The residents` needs regarding terminal care and following death are met well and this Standard is exceeded for the following reasons: Additionally funded staff hours are provided to offer a continual vigil and someone to be with the resident at the end, if relatives are not available. Accommodation has been provided for family at these times. Funerals and memorial services have occurred at the home. The home has a chapel that provides private spiritual space for grieving and contact is maintained with relatives following the bereavement. Bedroom sizes and communal area sizes exceeded the National Minimum Standard, providing extra space for the residents. This year staffing has been increased beyond previous staffing quotas, with one additional staff member on duty in the morning and one additional staff member on duty in the evening. Additional specific activities staff are employed which creates a more consistent level and quality of activities. The home is situated within large and well kept grounds, which also contain many ancient trees, lawns and a cricket pitch. The residents have commented positively about the grounds and general environment. There are kitchenettes in some rooms and communal pantries, which promote independence, and are also additional facilities for visitors. Some bedrooms have letterboxes and doorbells, which are used and therefore promote privacy. The organisation provided a three-week handover between managers to promote good practice.

What has improved since the last inspection?

The manager is to be commended for the amount of work and commitment made by her, to meet Standards and previous requirements. This year the home`s staffing has been increased beyond previous staffing quotas, with one additional staff member on duty in the morning and one additional staff member on duty in the evening. This was not related to any staffing concerns raised by the Commission. Two bedrooms have been re-decorated and have had new carpet fitted, and the corridors and toilets have been re-decorated. This was not related to any environmental concerns raised by the Commission. Following a requirement at the last inspection, fire exits have been more clearly labelled to facilitate safer evacuation if needed. Following a requirement at the last inspection, all new staff now undertake a six-week induction and six-month foundation training to National Training Organisation`s specifications and targets.
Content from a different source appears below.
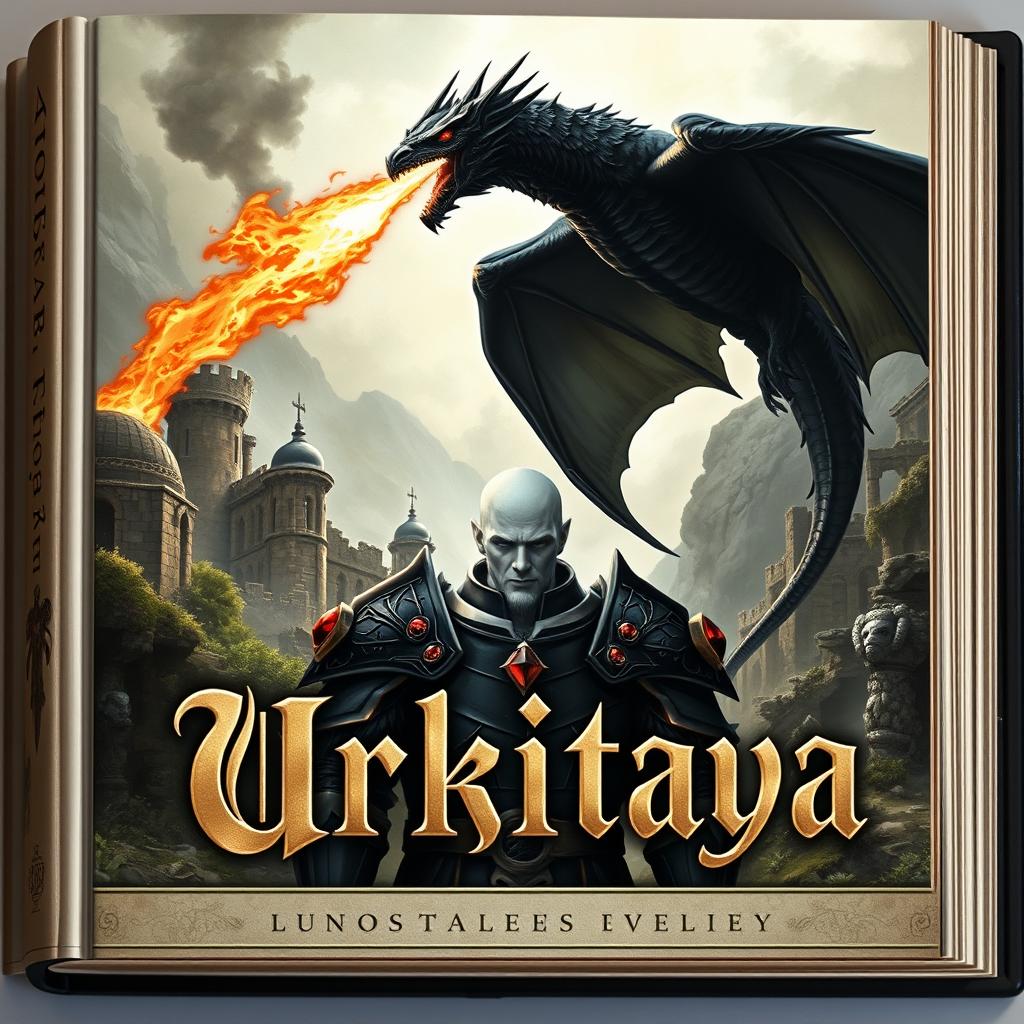 A mesmerizing portrait of a book titled 'Urkitaya', featuring a beautifully designed cover with the title displayed prominently in an intricate Gothic font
This will ensure a better trained workforce.

What the care home could do better:

Although checking police records and taking references for new staff is now done more diligently, retaining copies of documents used for vetting staff still needs to be improved {e.g. proof of identification, copies of passports etc.} Although new staff may start work without an up to date Criminal Records Bureau check while one is being sought, if they do not have any unsupervised access to the residents, this needs to be agreed with the Commission to ensure that there is no unsupervised access to the residents and that the required procedures are followed.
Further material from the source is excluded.